Criança não é mãe, Estuprador não é pai: Mais um capítulo da guerra contra as mulheres no Brasil

Ontem, tive o desprazer de assistir ao vídeo disponibilizado pelo The Intercept de uma audiência no estado de Santa Catarina na qual uma juíza e a promotora, não se esqueçam dela, forçam, porque não conseguiram induzir, basta ver o vídeo, uma menina de 11 anos, grávida de um estupro ocorrido aos dez, a abrir mão de um direito assegurado (*ou exceção, a depender da leitura*) desde o Código Penal de 1940.  Explico, a legislação em nosso país admite o aborto em pouquíssimos casos, um deles, estupro, outro, risco de morte da mulher (*ou menina*), o caso cai nos dois.  Vou citar parte do texto do The Intercept e retorno daqui a pouco:

"Uma criança de 11 anos, grávida após ser vítima de um estupro, está sendo mantida pela justiça de Santa Catarina em um abrigo há mais de um mês para evitar que faça um aborto legal.
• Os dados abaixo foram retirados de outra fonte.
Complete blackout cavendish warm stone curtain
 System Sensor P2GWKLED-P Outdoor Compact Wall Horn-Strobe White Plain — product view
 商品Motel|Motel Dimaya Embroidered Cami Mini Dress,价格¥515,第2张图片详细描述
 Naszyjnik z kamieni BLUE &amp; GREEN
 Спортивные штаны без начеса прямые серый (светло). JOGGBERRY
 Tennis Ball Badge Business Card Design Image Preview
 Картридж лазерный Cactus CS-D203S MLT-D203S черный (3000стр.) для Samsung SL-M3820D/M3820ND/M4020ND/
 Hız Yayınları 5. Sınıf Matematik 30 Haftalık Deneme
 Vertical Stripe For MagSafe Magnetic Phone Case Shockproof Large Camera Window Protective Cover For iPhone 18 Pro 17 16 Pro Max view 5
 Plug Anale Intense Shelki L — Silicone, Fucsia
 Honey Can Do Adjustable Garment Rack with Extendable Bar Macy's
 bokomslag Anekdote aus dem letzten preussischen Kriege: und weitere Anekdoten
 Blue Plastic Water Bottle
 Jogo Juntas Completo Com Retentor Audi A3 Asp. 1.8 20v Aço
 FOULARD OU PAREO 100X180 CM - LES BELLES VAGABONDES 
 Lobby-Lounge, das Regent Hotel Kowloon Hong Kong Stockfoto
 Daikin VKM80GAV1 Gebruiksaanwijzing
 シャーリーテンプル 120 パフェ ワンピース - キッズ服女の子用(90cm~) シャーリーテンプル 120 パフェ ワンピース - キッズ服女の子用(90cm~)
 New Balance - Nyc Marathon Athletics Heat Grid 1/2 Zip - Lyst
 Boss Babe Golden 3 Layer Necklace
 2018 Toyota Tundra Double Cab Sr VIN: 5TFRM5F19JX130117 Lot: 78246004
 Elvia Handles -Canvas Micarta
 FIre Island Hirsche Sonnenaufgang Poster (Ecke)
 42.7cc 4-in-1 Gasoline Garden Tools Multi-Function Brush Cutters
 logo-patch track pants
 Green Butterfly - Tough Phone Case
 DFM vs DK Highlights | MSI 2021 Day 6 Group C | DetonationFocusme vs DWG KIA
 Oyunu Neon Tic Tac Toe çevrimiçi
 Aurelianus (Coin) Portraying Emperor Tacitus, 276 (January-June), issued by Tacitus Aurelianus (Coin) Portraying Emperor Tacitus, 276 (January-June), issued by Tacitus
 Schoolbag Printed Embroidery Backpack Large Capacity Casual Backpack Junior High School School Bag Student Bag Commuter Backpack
Dois dias após a descoberta da gravidez, a menina foi levada ao hospital pela mãe para realizar o procedimento. O Código Penal permite o aborto em caso de violência sexual, sem impor qualquer limitação de semanas da gravidez e sem exigir autorização judicial. A equipe médica, no entanto, se recusou a realizar o abortamento, permitido pelas normas do hospital só até as 20 semanas. A menina estava com 22 semanas e dois dias. Foi então que o caso chegou à juíza Joana Ribeiro Zimmer.  A criança, que tinha 10 anos quando foi ao hospital, corre risco a cada semana que é obrigada a levar a gestação adiante devido à sua idade, segundo laudos da equipe médica anexados ao processo e especialistas consultados pelo Intercept. Ribeiro afirmou, em despacho de 1º de junho, que a ida ao abrigo foi ordenada inicialmente para proteger a criança do agressor, mas agora havia outro motivo. “O fato é que, doravante, o risco é que a mãe efetue algum procedimento para operar a morte do bebê”."

A promotora pediu a retenção da menina no abrigo, longe da mãe, e o motivo sabemos qual é, impedir que ela tenha acesso ao direito que lhe é assegurado por lei.  Assim, não haverá como o caso ter o desfecho de um semelhante ocorrido no Espírito Santo e que mobilizou à época, a militante Sarah Winter e a ex-ministra Damares para que a gravidez de uma criança estuprada da mesma idade fosse mantida.  Em todo o vídeo, percebe-se a preocupação com o feto, o que significa o apelo a um ideal, e a redução da menina a uma incubadora ("Você aguenta mais um pouquinho?"); a tentativa de sensibilizar a vítima perguntando se ela quer "dar nome ao bebê", porque vocês sabem que é como brincar de boneca; o uso de substantivos que se remetem à organização familiar, ao chamar a criança de "mãe" e o estuprador de "pai".  Este último recurso, aliás, presta-se, também, ao esforço de retirar a menina da condição de vítima, que a lei lhe assegura, porque qualquer ato sexual com menor de 14 é crime, segundo a legislação em vigor, em "parceira", "cúmplice", parte de um CASAL.  As estratégias discursivas usadas pelos (pseudo) pró-vida são das mais asquerosas.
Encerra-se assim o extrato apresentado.